E Ink Holdings Inc’s (元太科技) shares plunged 6.84 percent yesterday after the world’s top e-paper display supplier cut the salaries of its high-ranking executives by up to 20 percent and requested some employees to take unpaid leave to weather an inventory-driven slump.
The stock price of E Ink fell for the third straight trading session to NT$28.6, hitting the lowest level in about three years.
The cost-reduction measures came after E Ink swung into a loss of NT$838 million (US$28.54 million) last quarter as its major client, Amazon Inc, was digesting excessive inventory during a product-transition period.
E Ink chairman Scott Liu (劉思誠) said last month that as sales were not as good as expected, the customer entered into an inventory-digestion period and this affected the firm’s first-quarter results.
At the time, Liu said he expected the first quarter would be the weakest quarter this year.
E Ink yesterday posted 2.96 percent lower revenue of NT$1.31 billion for last month, from March’s NT$1.35 billion. However, it was a 47.06 percent year-on-year decline from NT$2.47 billion.
To ride out the difficult period, E Ink requested local employees take an extra two days off a month this month and next month, while high-ranking executives would take a pay cut ranging from 10 percent to 20 percent, the company said in a filing to the Taiwan Stock Exchange.
About 500 employees, with the exception of factory workers, would be affected by the austerity measures, it said.

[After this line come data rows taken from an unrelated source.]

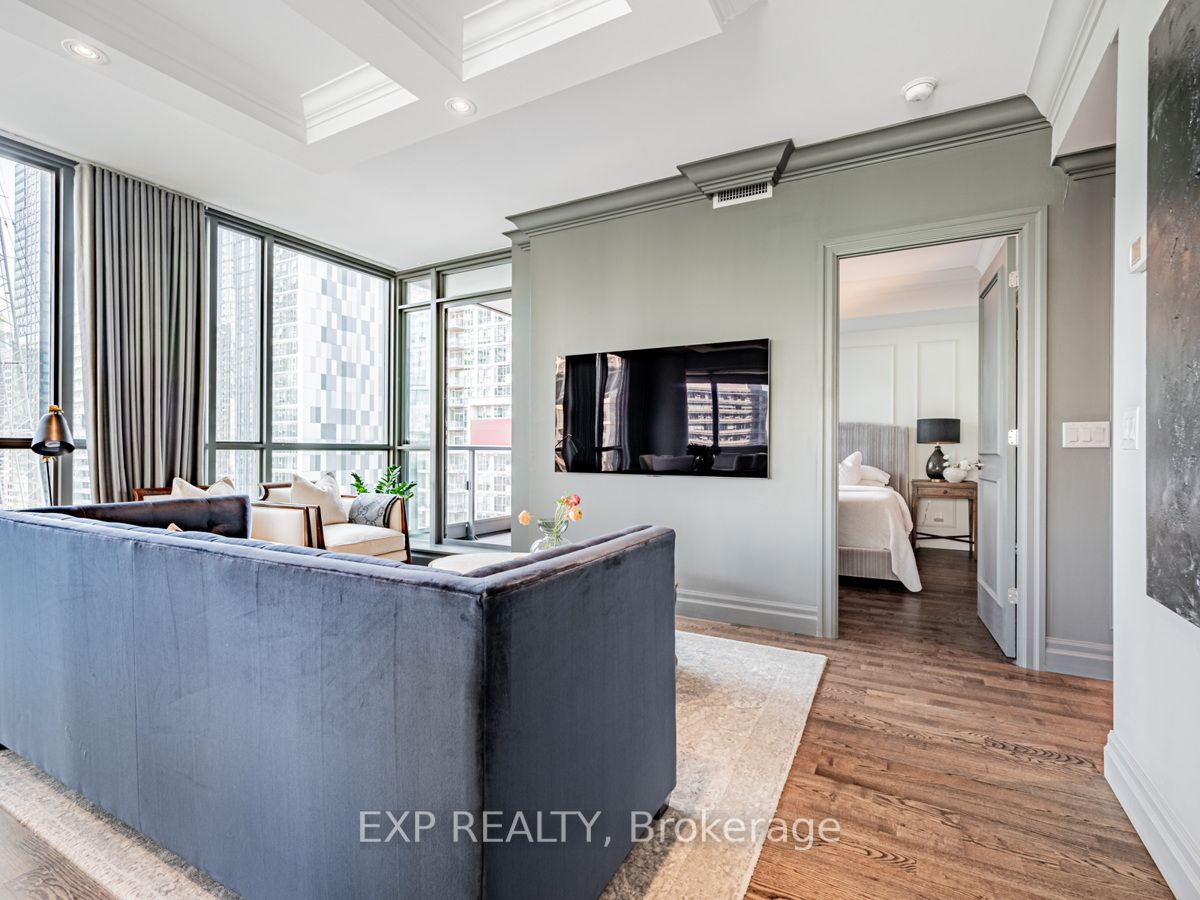 8 Charlotte St, #1403
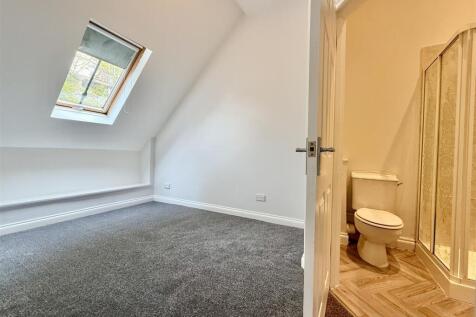 Bed 1 &amp; En Suite.JPG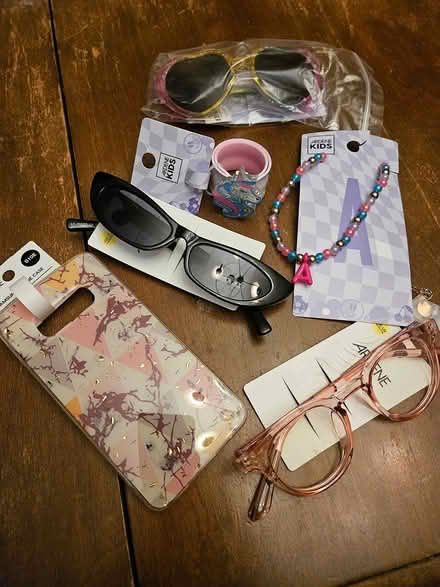 Photo of free Ardene surprise bag items (Near the experimental farm) #1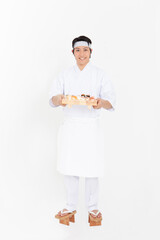 寿司を持つ板前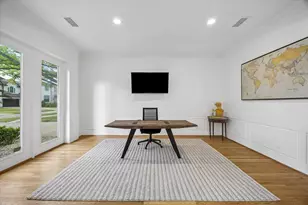 4606 Birch St, Bellaire, TX 77401 - Photo 8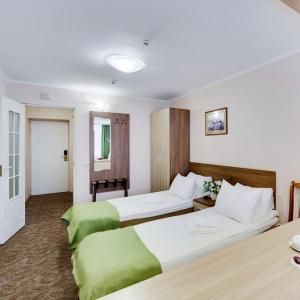 Hotel Polustrovo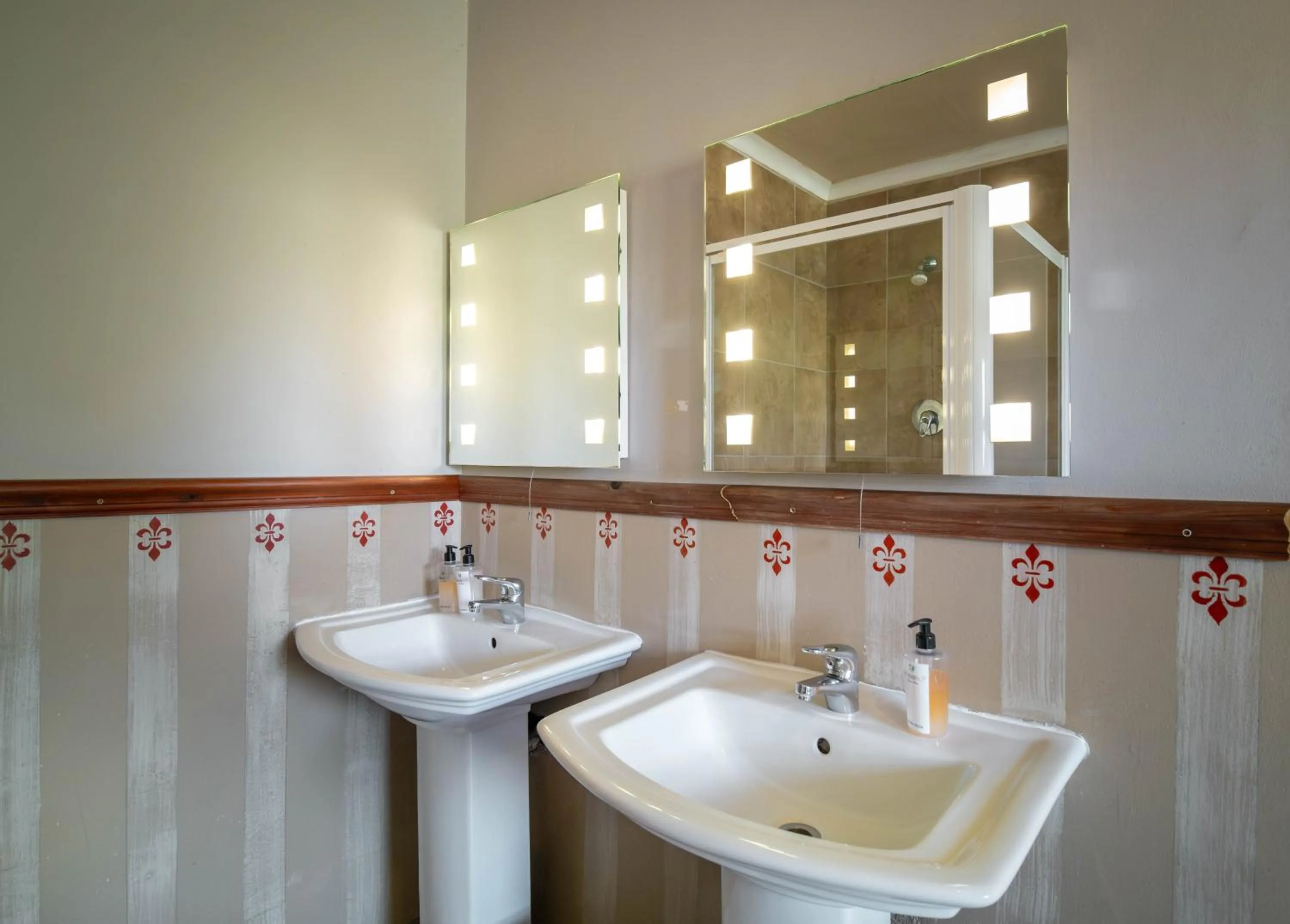 Bathroom in Broadway Tygervalley House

E Ink said this would be a short-term countermeasure and the company would restore normal working hours and usual monthly salaries in the second half of this year as client orders and shipments recover.
Liu told investors last month that the company’s customers are set to launch new products next quarter, which would stimulate their replacement demand and sales of E Ink’s products.
Credit Suisse downgraded E Ink to “neutral” on April 27, with the target price lowered to NT$32 from NT$45, based on weaker profits this year. Credit Suisse’s Jerry Su (蘇厚合) cut his forecast of E Ink’s net profit this year to NT$2.25 billion, from a previous estimate of NT$4.68 billion, as E Ink could continue in the red this quarter.
“We will stay on the sideline until revenues and margins show a meaningful pick-up later this year,” Su said in a report.
Gross margins for e-paper display and high-resolution LCD panels were expected to be under pressure because of growing competition in the second half, he said.
Separately, Chimei Innolux Corp (奇美電子), the nation’s biggest LCD panel maker, yesterday said revenue dropped 11.4 percent to NT$36.14 billion last month, from NT$40.79 billion in March, according to a company statement submitted to the Taiwan Stock Exchange.
Chimei joined local rivals, including AU Optronics Corp (友達光電), in reporting a monthly decline in revenue.
Shipments of PC and TV panels dropped 10.6 percent month-on-month to 11.15 million units, the company said. Shipments of smaller panels for handsets and tablets were down 9.5 percent to 31.43 million units last month, from 34.72 million the prior month.
On an annual basis, revenue shrank 10.3 percent last month from NT$40.29 billion. Shipments of PC and TV panels and small panels increased 1.09 percent and 6.36 percent.